Ideal Weight Calculator
Estimate a healthy target weight for your height.
A guide only (Devine formula + healthy BMI range). Bodies differ — consult a professional.
What an Ideal Weight Calculator Tells You
This calculator estimates an ideal body weight (IBW) based on your height and gender, and shows the healthy weight range that corresponds to a normal body mass index (BMI). It draws on classic clinical formulas originally developed to guide medication dosing and quick bedside estimates.
There is no single perfect weight for any individual. Two people of the same height can both be healthy at different weights depending on muscle mass, frame size, age, and body composition. Treat the number this tool produces as a reference point and a starting place for conversation, not a fixed goal you must hit.
The calculator gives you two useful outputs: a single IBW estimate from established formulas, and a healthy weight range derived from the normal BMI band. The range is often more meaningful, because it acknowledges that good health spans a span of weights rather than one exact figure.
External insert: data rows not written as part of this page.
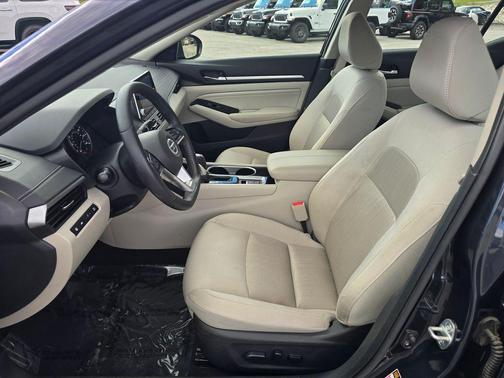 2020 Nissan Altima 2.5 SV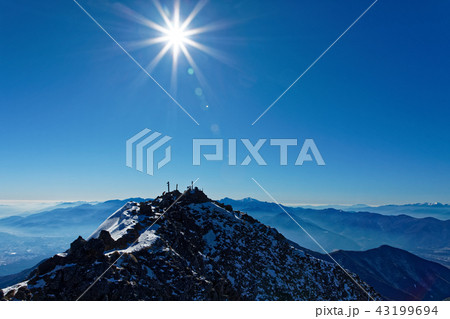 八ヶ岳連峰・赤岳山頂と南アルプスの眺め 43199694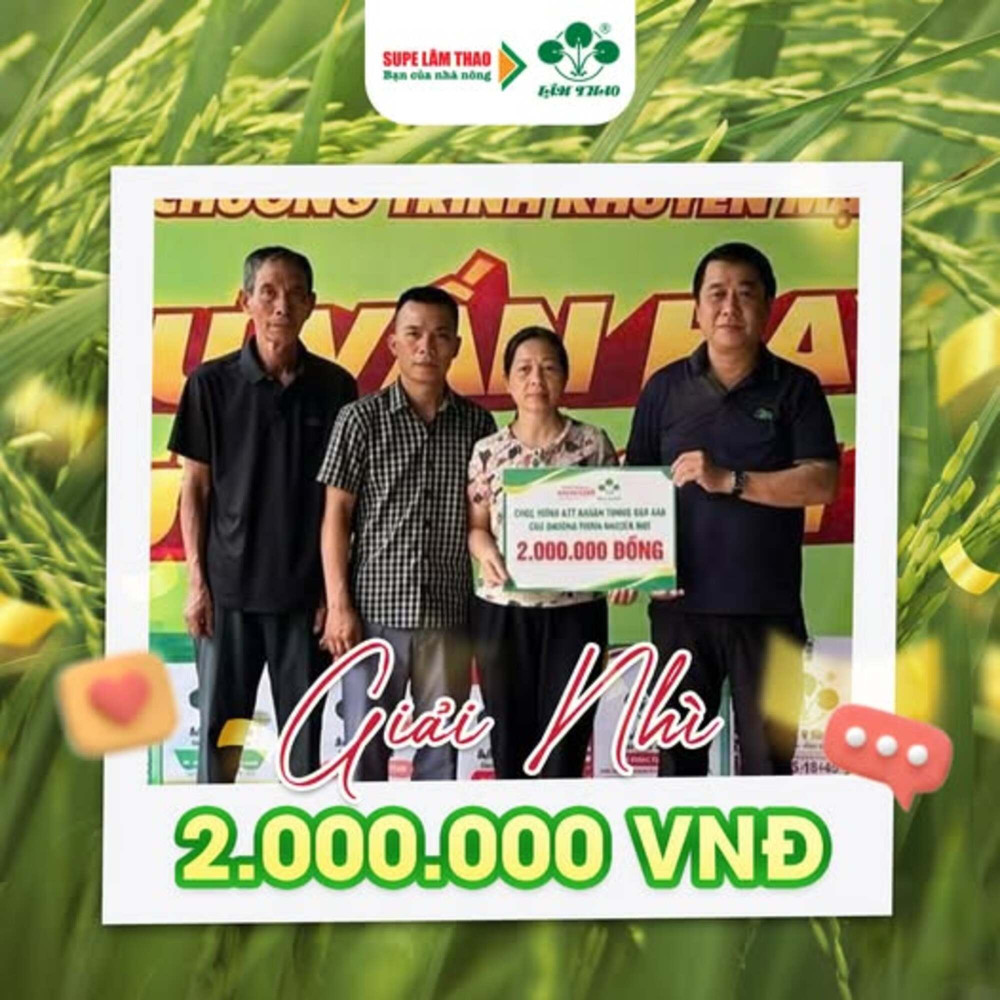 Đại diện Công ty CP Supe Phốt phát và Hóa chất Lâm Thao trao thưởng cho khách hàng may mắn trúng giải trong chương trình khuyến mại của Supe Lâm Thao tại tỉnh Thái Nguyên b1-2.jpg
The Formulas: Devine and Robinson
The most widely cited IBW formula is the Devine formula, which uses height in inches above five feet:
- Men: 50 kg + 2.3 kg for each inch over 5 feet
- Women: 45.5 kg + 2.3 kg for each inch over 5 feet
The Robinson formula is a refinement that often yields slightly lower estimates:
- Men: 52 kg + 1.9 kg for each inch over 5 feet
- Women: 49 kg + 1.7 kg for each inch over 5 feet
Both formulas only use height and gender, so they cannot account for your build or muscularity. That limitation is exactly why pairing them with a BMI-based range gives a fuller picture.
The Healthy BMI Range
Body mass index is weight in kilograms divided by height in metres squared (kg/m²). A BMI between 18.5 and 24.9 is generally classified as a healthy weight for adults.
To turn that into a weight range, the calculator rearranges the formula:
Weight = BMI × height² (in metres)
For someone 1.75 m tall, the healthy range works out to roughly 56.7 kg (18.5 × 1.75²) to 76.3 kg (24.9 × 1.75²). This range is wide on purpose: it reflects that healthy bodies come in many sizes at the same height.
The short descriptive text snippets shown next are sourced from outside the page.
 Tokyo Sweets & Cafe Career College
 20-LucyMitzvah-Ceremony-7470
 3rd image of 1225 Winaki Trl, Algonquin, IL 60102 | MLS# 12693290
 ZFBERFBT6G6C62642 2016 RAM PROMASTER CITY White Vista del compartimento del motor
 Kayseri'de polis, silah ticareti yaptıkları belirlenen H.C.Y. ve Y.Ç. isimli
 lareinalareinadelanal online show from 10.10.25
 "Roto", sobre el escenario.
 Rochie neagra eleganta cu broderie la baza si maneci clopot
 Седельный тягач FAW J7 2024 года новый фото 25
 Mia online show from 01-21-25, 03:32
A Worked Example and Its Limits
Consider a man who is 5 feet 10 inches tall, which is 10 inches over 5 feet.
- Devine: 50 + (2.3 × 10) = 73 kg
- Robinson: 52 + (1.9 × 10) = 71 kg
His healthy BMI range for that height (about 1.78 m) spans roughly 58.6 kg to 78.9 kg. The formula estimates fall comfortably inside that band.
These tools were never designed to capture athletic builds, differing frame sizes, or changes that come with age. A muscular athlete may exceed the IBW figure while being very healthy, and an older adult may sit at a different optimal point. For personalized guidance on a target weight, body composition, or any weight-related health concern, consult a doctor or registered dietitian.
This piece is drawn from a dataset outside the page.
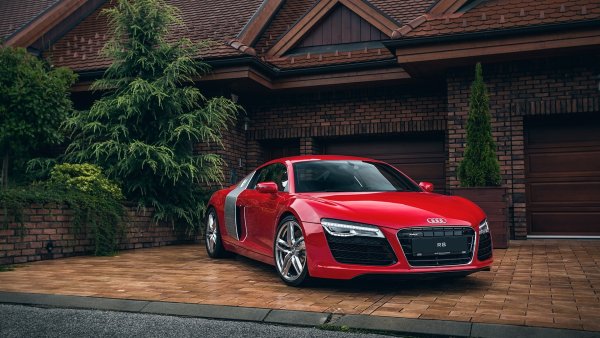 Audi r8 Red New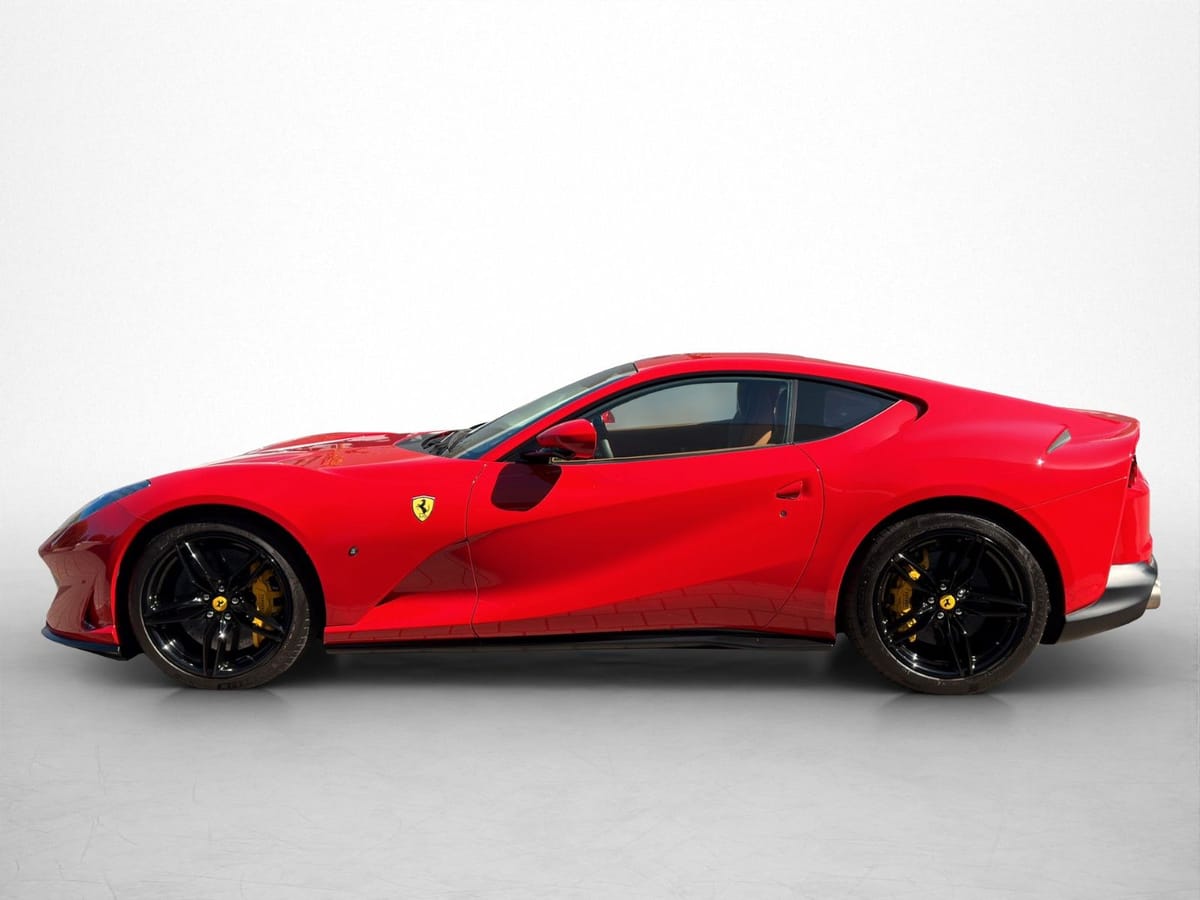 Ferrari 812 Superfast / Lift / LED / Carbon / Daytona foto 9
Frequently Asked Questions
Not exactly. Ideal body weight is a single estimate from a formula using only height and gender, while a healthy weight is a range that allows for differences in muscle, frame, and body composition. The BMI-based range in this calculator is usually a better real-world reference than one fixed number.
They use different baseline weights and per-inch increments, so they produce slightly different estimates for the same person. Devine tends to give a marginally higher figure. Neither is definitively correct; together they show a reasonable span rather than one absolute target.
No. Both the formulas and BMI rely only on height, weight, and gender, so a muscular person may appear above their ideal weight despite low body fat. If you have significant muscle mass, consider a body-fat or body-composition assessment for a clearer picture.
BMI is a useful population-level screening tool, but it does not measure body fat directly and can misclassify athletes, older adults, and some ethnic groups. Use it as one input among several, and discuss your individual results with a healthcare professional.
Falling slightly outside the range is not automatically a problem, but a persistent gap may be worth discussing with a clinician. They can assess your overall health, not just your weight, and recommend a sensible, sustainable plan if any change is appropriate.
Treat it as a guide rather than a strict goal. A realistic, healthy target depends on your body composition, activity, medical history, and personal circumstances. A doctor or registered dietitian can help you set a goal that is right for you.